Isso foi demonstrado por geocientistas da Universidade Técnica de Darmstadt em uma pesquisa publicada na revista Communications Earth & Environment.
"Os microplásticos da atmosfera são inicialmente depositados nas folhas das copas das árvores, o que os cientistas chamam de 'efeito pente'", explica o autor principal, Dr. Collin J. Weber, do Instituto de Geociências Aplicadas da Universidade Técnica de Darmstadt, em um comunicado. "Em seguida, nas florestas decíduas, as partículas são transportadas para o solo da floresta pela chuva ou pela queda de folhas no outono, por exemplo."
Nessas florestas, a decomposição das folhas desempenha um papel fundamental no armazenamento de poluentes no solo da floresta, como descobriram os autores. Embora os níveis mais altos de microplásticos tenham sido encontrados nas camadas superiores e levemente decompostas de folhas, grandes quantidades de partículas de plástico são armazenadas nas camadas mais profundas do solo. Isso pode ser atribuído à decomposição das folhas em si, mas também a outros processos de transporte, como os organismos envolvidos.
Para o estudo, a equipe de pesquisa do Departamento de Mineralogia e Química do Solo coletou amostras em quatro áreas florestais a leste de Darmstadt, na Alemanha. Usando um método analítico recém-desenvolvido e adaptado, os cientistas conseguiram medir o conteúdo de microplásticos em amostras de solo, folhas caídas e deposição atmosférica (o transporte de substâncias da atmosfera terrestre para a superfície da terra) e analisá-lo quimicamente usando métodos espectroscópicos.

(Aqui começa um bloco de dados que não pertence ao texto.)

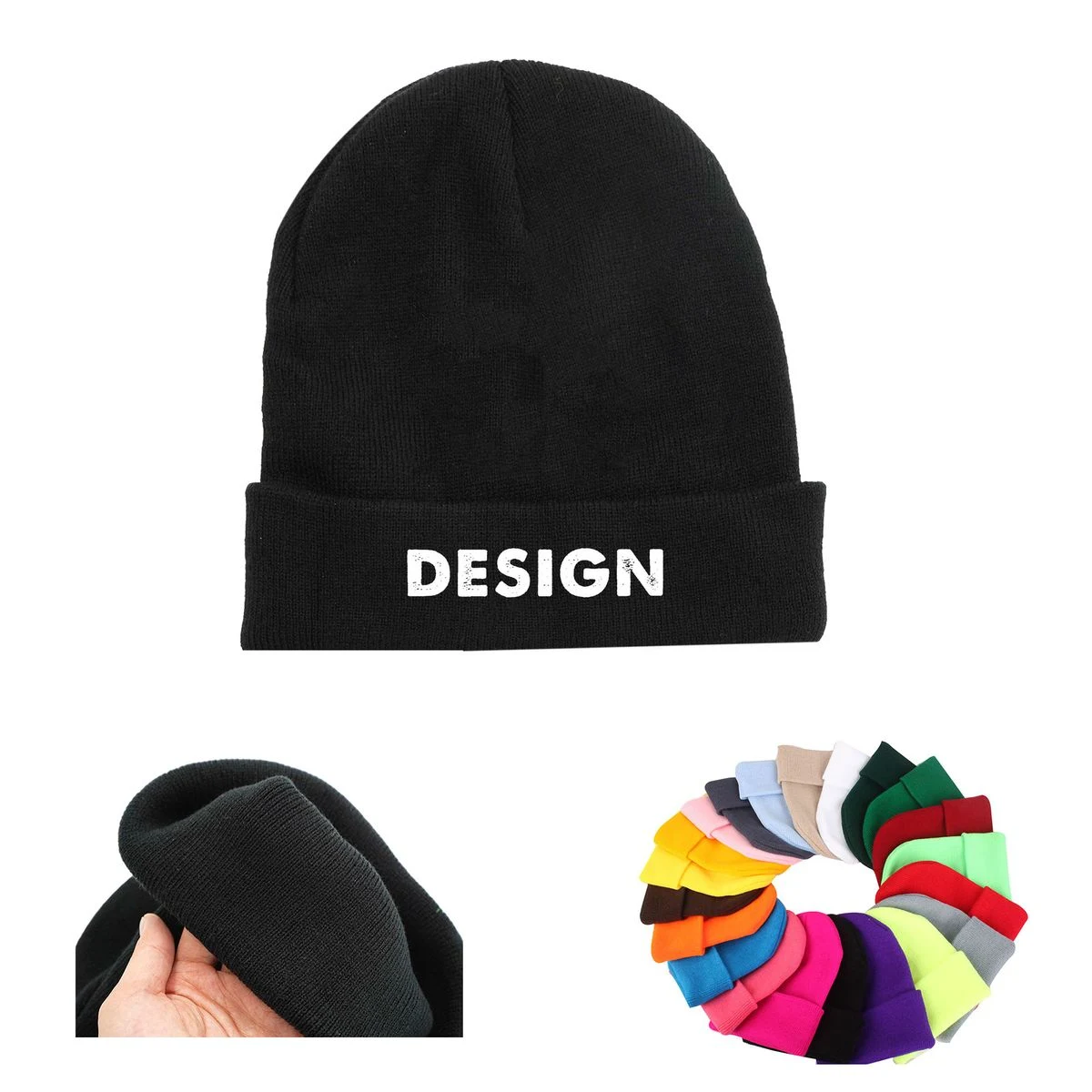 Classic Embroidered Knit Beanie Hat 1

Eles também desenvolveram um modelo de estimativa de entradas atmosféricas desde a década de 1950 para determinar sua contribuição para o armazenamento total em solos florestais.

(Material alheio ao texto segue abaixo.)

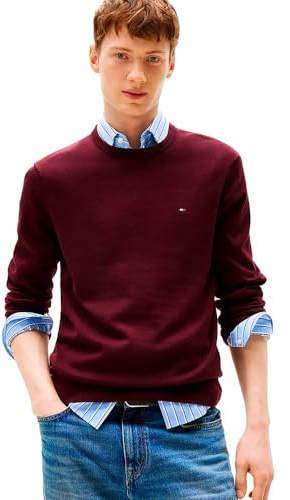 Tommy Hilfiger Jersey Hombre Essential Cotton con Cuello Redondo, Rojo (Deep Burgundy), XXL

"Nossos resultados indicam que os microplásticos em solos florestais se originam principalmente da deposição atmosférica e da queda de folhas no solo, conhecida como litterfall. Outras fontes, no entanto, têm uma influência menor", explica o Dr. Weber. Concluímos que as florestas são bons indicadores de poluição atmosférica por microplásticos e que uma alta concentração de microplásticos em solos florestais indica uma alta difusão - em oposição à entrada direta, como a de fertilizantes na agricultura - de partículas transportadas pelo ar nesses ecossistemas.
O estudo é o primeiro a demonstrar a contaminação de florestas com microplásticos e a relação direta entre as entradas atmosféricas e o armazenamento de microplásticos em solos florestais, já que essas questões não foram investigadas cientificamente anteriormente. Os resultados fornecem uma base importante para a avaliação dos riscos ambientais representados pelos microplásticos no ar e no solo.
"As florestas já estão ameaçadas pela mudança climática, e nossas descobertas sugerem que os microplásticos podem representar uma ameaça adicional aos ecossistemas florestais", afirma o Dr. Weber. As descobertas também podem ser relevantes para a avaliação dos riscos à saúde, pois destacam o transporte global de microplásticos no ar e, portanto, também no ar que respiramos.